“He no longer belongs to us. He belongs to the ages.” President Obama could not have been more correct when speaking of the death of one of the greatest statesmen, human rights activists, and leaders to ever grace this planet. Although this quote is a terrible case of plagiarism (see Edwin Stanton’s famous quote upon the death of Lincoln), Nelson Mandela undoubtedly belongs to history and the ages. While we should remember him for what he stood and fought for, his legacy should best exemplify for all of us that sometimes it’s perfectly acceptable, and sometimes necessary, to rebel, act with civil disobedience, or fight for a moral cause.
Growing up as kids we’re taught to obey the rules, not to question our parents, listen obediently, and act in accordance with the law. But what if you grow up in South African apartheid? Nazi Germany? Soviet Russia? The Jim Crow south? Colonial America? Or any other human society where people have been unjustly oppressed, subjugated, or tyrannized? Now I’m not at all trying to advocate for children to act with civil disobedience against their parents (for they probably know better), but too often people are sheep that follow instructions or laws without thinking about their moral consequences, or whether they’re even just in the first place.

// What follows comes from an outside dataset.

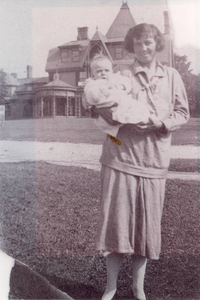 Mother with William MacDonald as a baby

St. Augustine once said: “An unjust law is no law at all.” While we can save a discussion about justice and moral relativism for another day, the point of this quote is that we should always question. Is the law restricting or punishing people because their actions or inactions are inherently evil or morally reprehensible? Or is the law restricting or punishing people because society says their actions or inactions are bad? When it’s the latter, governments throughout history have had the tendency to persecute and oppress different classes of people for no just reasons whatsoever.

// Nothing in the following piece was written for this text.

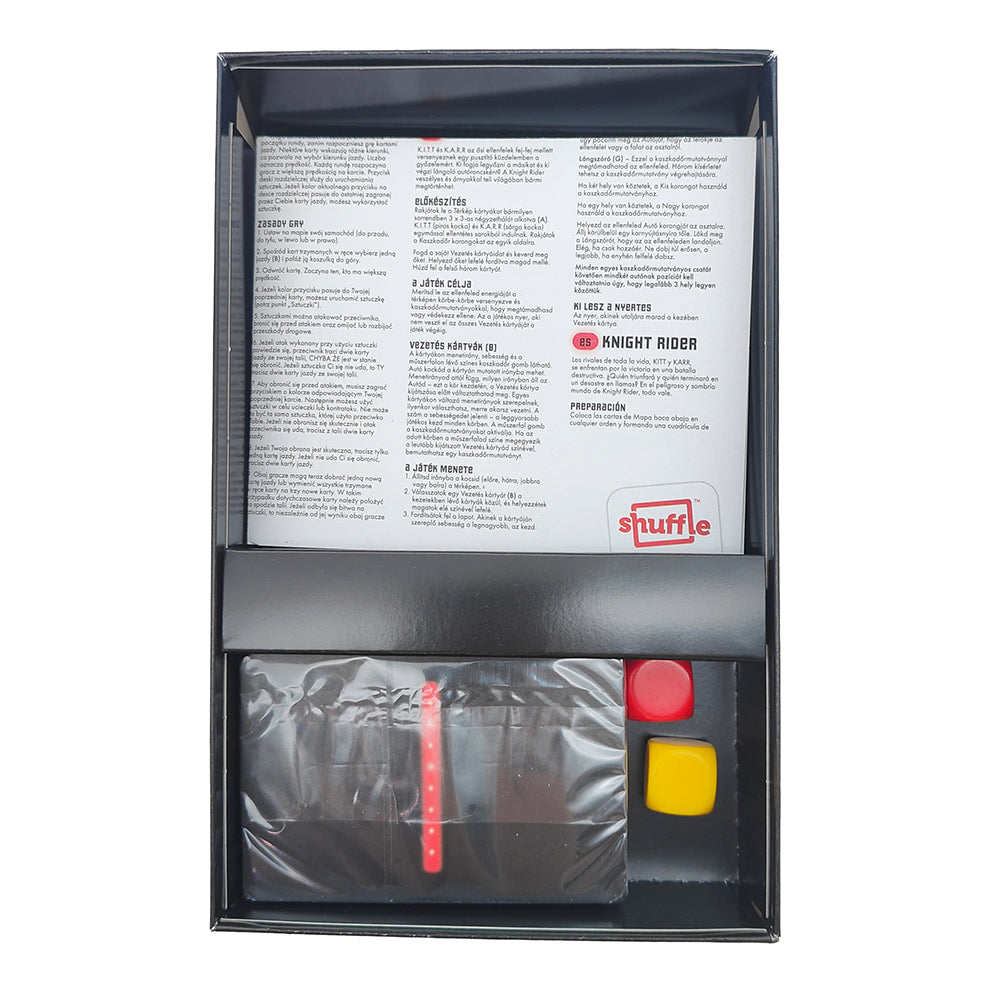 Knight Rider KITT VS KARR Card Game by Cartamundi Shuffle 2022 – Board Game, Cartamundi, -, 2022, pre-owned collector piece, Uncanny Collectibles Dublin Ireland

This type of oppression is what Nelson Mandela grew up in as a young boy in South Africa. But instead of obeying the law and doing what he was told, Mandela fought back against the shackles of South African apartheid. After trying to take a formal route by attending law school and helping to form a youth league in the African National Congress, Mandela grew frustrated with the old, quasi-obedient ways of operating. He opted for a more militant approach. This led him to drop out of law school and begin a life dedicated to civil disobedience. Although his actions were not always civil, he claims he was trying to persuade the government in the only language they seemed to understand – violence. His actions against government symbols and entities (i.e. post offices and buildings), his exit from the country to receive military training, and his other “treasonous” actions led to life imprisonment in 1964.

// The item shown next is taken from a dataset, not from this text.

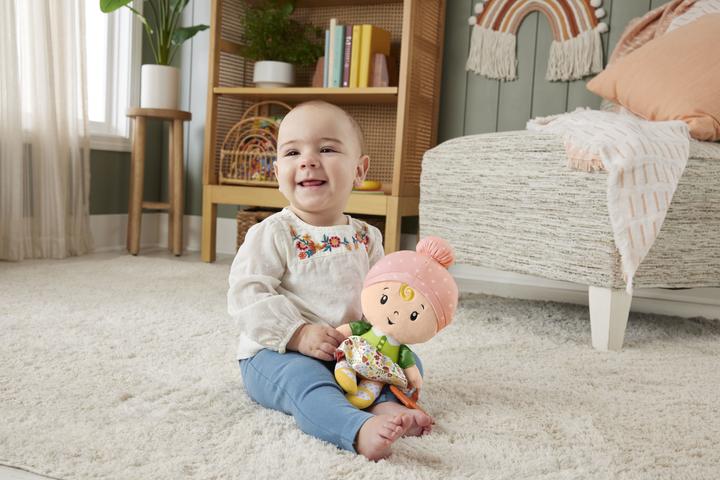 Produktbild Fisher-Price Schmusepuppe mit Regenbogen-Beissring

Mandela was willing to sacrifice everything to achieve equality in South Africa. On countless occasions he said he would die for the cause if he had to. Few leaders in history are inspired by such egalitarian motives. Gandhi and MLK are others who come to mind (two men who also became famous for practicing satyagraha or civil disobedience). It was this ambition and these motives that inspired Mandela to forgive, reconcile, and act magnanimously toward the South African regime that had oppressed him and the majority of the South African people. With a real threat of civil war hanging over South Africa, it was Mandela who encouraged everyone to embrace and unify with the oppressors for the benefit of all. The courage and magnanimity this must have taken is unthinkable. But without this approach, it’s frightening to think what the alternative could have been.
Mandela’s actions are a great illustration of injustice spurring disobedience. At the time, his disobedience and unlawful actions sent him to prison. His figurative shackles from apartheid transformed into literal chains of imprisonment as he was found guilty of conspiracy and treason. Many people agreed with his imprisonment at the time, as they did when MLK was thrown in the Birmingham City Jail. The United States government even had Mandela and some of the other members of the African National Congress on the terror watch list until 2008 for his militant actions against the South African government (thank God we finally reverted to the right side of history).
Although Mandela probably broke the law at the time, his moral compass remained true, his convictions steadfast, and his spirit unwavering. So today when we remember Mandela, let us remember the statesman, leader, and activist he was, but let us also be inspired never to shy away in the face of oppression. MLK once said: “Injustice anywhere is a threat to justice everywhere.” Mandela voraciously fought back against these threats his entire life, and so should we.